As for the timing of this spike, “I think there was a lot of fear of Covid for so long that now there’s this belief that my kid isn’t sick if they’re COVID negative and if they’re COVID negative they can go to school because they’re not sick,” Dr. Markevicz says. “So, we’re spreading things easier because they’re closer to each other and they would’ve stayed home in the past.”
How are parents supposed to know if their child’s sickness is something that requires a visit to the doctor or even an emergency room?
“Watch their breathing,” Dr. Markevicz says. “If it’s faster than normal up to two to three times faster than normal or if they’re using their entire body to help them breathe, you’ll see the belly sort of moving in and out to physically help push the air in and out. Then you need to call your doctor right away.”

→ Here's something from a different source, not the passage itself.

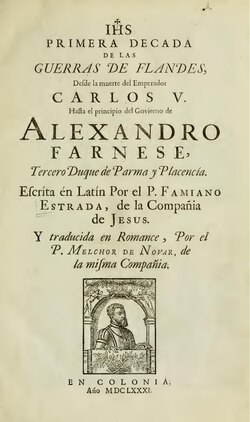 Edición en español de 1681 de De Bello Belgico de Famiano Strada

The other issue with these illnesses is dehydration. At Rochester General Hospital, they’re seeing 90-100 new patients every single day.
“We have learned to be creative and find spaces to take care of patients,” Dr. Markevicz says. “So, I don’t know that we worry about capacity. We’re an emergency department. We will see anyone who comes in.”
Monroe County Health Commissioner Dr. Michael Mendoza says that while most frontline health care workers will say what Dr. Markevicz says about capacity, the reality is all of our local hospitals are full and staff is short.
“We, as a community, owe it to the hospitals to do what we can to keep people out of the hospital,” he tells News10NBC. “If we can prevent flu, if we can prevent these respiratory illnesses, we decrease the burden on our ERs and the nurses and physicians and other staff that work there.”